1. Yes, the perception that I or any person with a successful crowdfunding project, am (is) sitting on a huge pile of free-spending money is real. It's not an insult, a disgrace, or anything, it's merely incorrect. If you don't suffer from this misperception, that's great, but don't object to me pointing it out. Same goes for the whole "gee why don't you predict your margins better" line, which you've already shared with me in the other thread. Fine, Eero: you win the level-headed businessman gold star. I'm writing for (and as one of) the rest of us, who suffer from confirmation bias and cognitive dissonance most of the time.

2. It's also clear from the helpful people who've posted at the Forge and RPG.net and elsewhere about success/failure in RPG crowdfunding, that first-time publishers run into trouble. As far as I can tell, they're bummed when they don't meet their goals and they're hosed by logistics when they do. Much of what I'm saying is "obvious," sure - if you know it already. I'm the guy who likes to help people with a game idea in their backpack, remember? For whom even the most basic information about publishing is value added.

3. The various analyses also show that first-timers aren't the only ones, either. In general, RPG crowdfunding tends to fall short on actually fulfilling what it promises, or at the least, is characterized by lengthy delays. Although I am not personally familiar with whatever snags Two Scooters Press ran into with They Became Flesh, if you don't think there were inherent perception/expectation problems built into that scenario with both publisher and customer base, then you aren't paying attention.

Given those observations, I think these topics need airing. In particular, will it be possible in the future to run RPG crowdfunding which isn't pre-ordering? And more generally, will those who do run pre-order projects do their accounting according to a working model ... which will almost certainly increase the minimum pledge values which give the backer books, i.e., more than its eventual retail cost.

Best, Ron

Editing this in: Eero, I completely disagree with you about Joseph & Yusra. The point is to have the issues on hand for sale. For a grass-roots, limited-audience product like this (and which the books you sell via Arkenstone are too), if you eat into your fan base - the ones who will make the bulk of future sales - for production, then you will have less sales later. Doing this to the extent that apparently many RPG projects do is like digging holes just so you can fill them in.

Eero Tuovinen

It is definitely good to look at crowdfunding critically, in the light of the apparently well-intentioned fuck-ups that seem to occur regularly. So carry on, I say. I haven't crowdfunded anything myself, so I'm not in a position to say that it's all so very simple if only people learned to think before they do.

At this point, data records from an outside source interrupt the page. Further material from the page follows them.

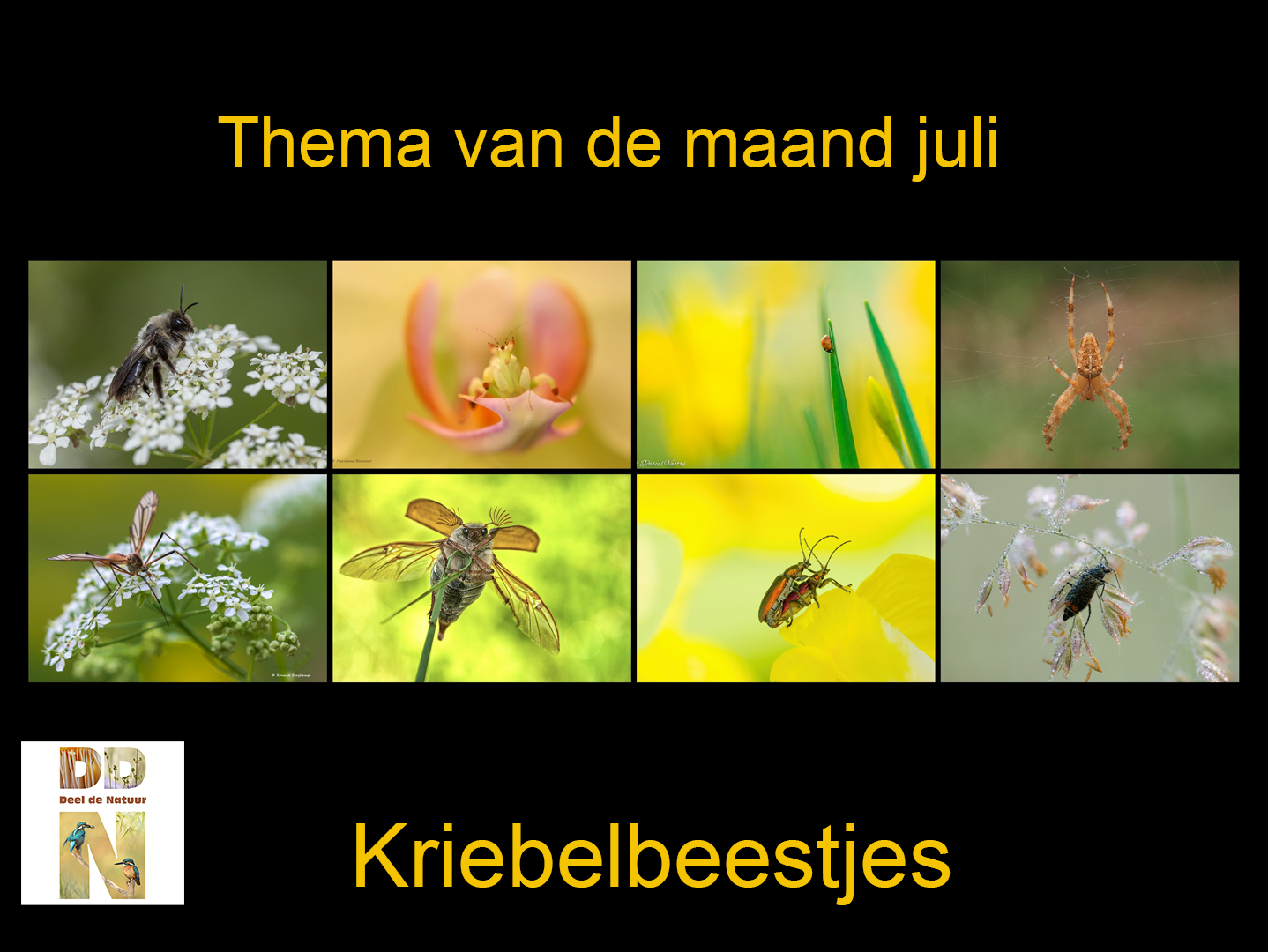 Thema van de maand - kriebelbeestjes - Spotlight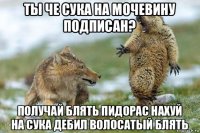 ты че сука на мочевину подписан? получай блять пидорас нахуй на сука дебил волосатый блять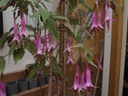 Fuchsia juntasensis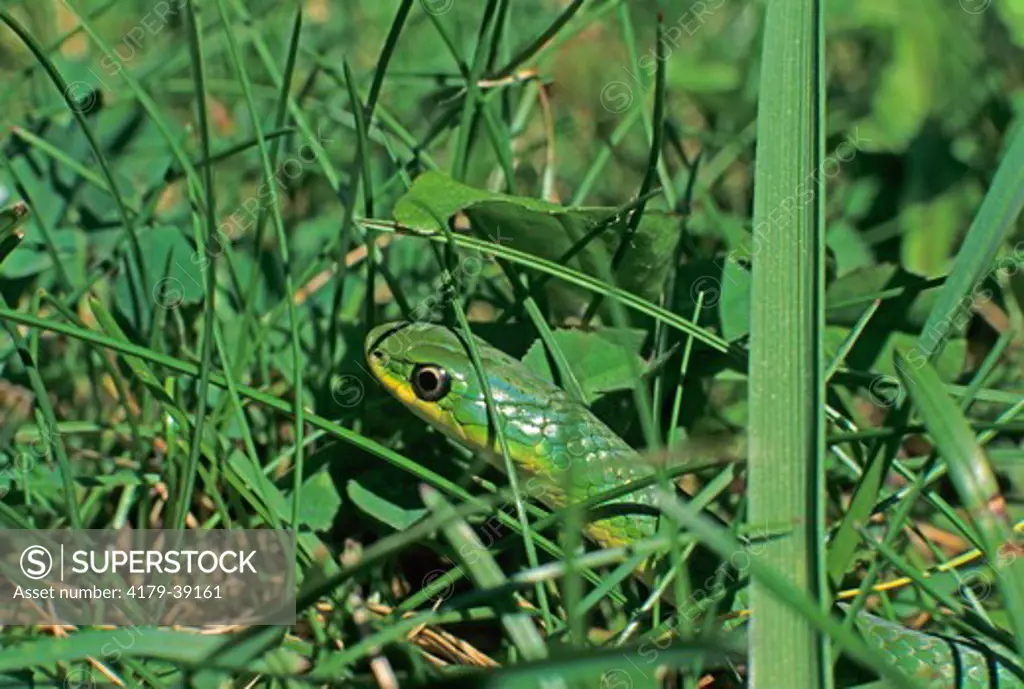 Smooth Green Snake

Following the crowdfunding scene from a distance over the last few years, the impression I get is that we're seeing a recalibration of skills and expectations, not dissimilar to what you spearheaded a decade back. A bunch of small press independent culture producers came into the rpg scene then, thanks to cheapening workflows (digital sales and POD printing, essentially), and that brought with it a share of problems - especially issues of creative quality (are you mistaken in thinking your game is groundbreaking?) and fiscal realism (should you really print a thousand copies?). Now we're going through a very similar process with crowdfunding, as it's essentially a new technology that again enables people to up their game with less of a threshold than there used to be before: you need even less in terms of money, seriousness, skill or experience to become a publisher. The growing pains we're seeing are natural in this context, Kickstarter is simply encouraging many people to become publishers who were not and did not consider themselves qualified without it.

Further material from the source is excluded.